La mort, ce doux héritage

La pointe facile n’est pourtant pas le but exclusif du récit. Celui-ci œuvre au contraire sans relâche à ce que les personnages, aussi paumés soient-ils, préservent un minimum d’humanité. Les proies trop évidentes de la noirceur ambiante, telle la vieille dame qui squatte le magasin au lieu de tirer sa révérence, sont ainsi épargnées au profit de quelques retournements savoureux, dont le caractère exagéré sied parfaitement au ton à l’ironie acerbe. De cette suite de mésaventures joliment improbables découlerait presque une certaine légèreté, si les employés des pompes funèbres Georges et Eddy ne s’obstinaient à apporter la réponse la moins adaptée à chaque obstacle qui se dresse sur leur chemin nullement tranquille. Aux côtés du protagoniste par défaut que Bacri campe avec brio, d’autres perdants invétérés se font leur petite place à l’ombre, interprétés avec le même panache très peu ostentatoire par Olivier Gourmet, Arthur Dupont et un invité surprise, à plusieurs niveaux, en la personne de Féodor Atkine.
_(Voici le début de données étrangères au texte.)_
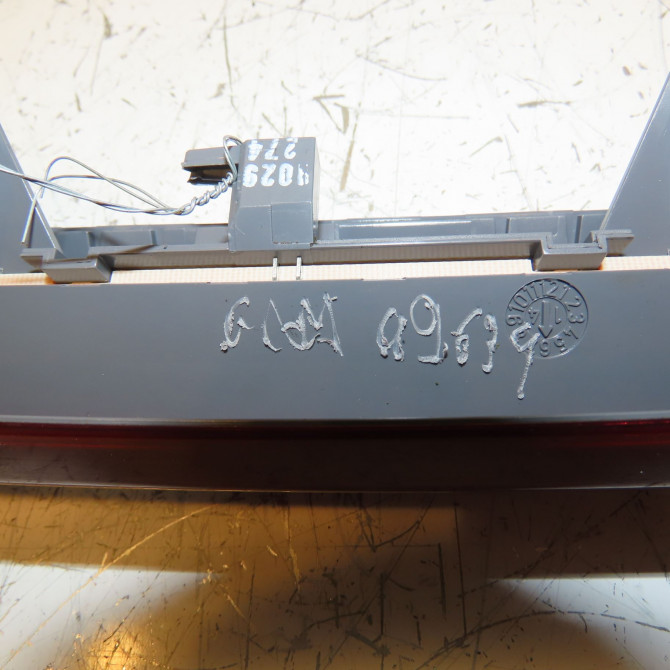 Feux stop supplementaire occasion OPEL CORSA IV Phase 2 01-2011->03-2015 1.0i 65ch 13186347 4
Loin de nous l’idée de vouloir vous révéler le coup de théâtre qui se manigance autour de l’acteur au visage marquant. Par sa fragilité éminemment macabre, son personnage représente cependant à la perfection l’état d’esprit simultanément irrévérencieux et sympathique, qui distingue Grand froid des contes de profanateurs de sépultures comparables.

Conclusion

La gravité inhérente à la mort n’est pas de mise dans cette comédie plutôt loufoque, qui vit avant tout de la richesse de ses personnages, à mi-chemin entre la ringardise et la tragédie existentielle. Jean-Pierre Bacri et les autres s’en donnent en tout cas à cœur joie dans Grand froid, un premier film plutôt prometteur quant aux futurs projets de Gérard Pautonnier derrière la caméra.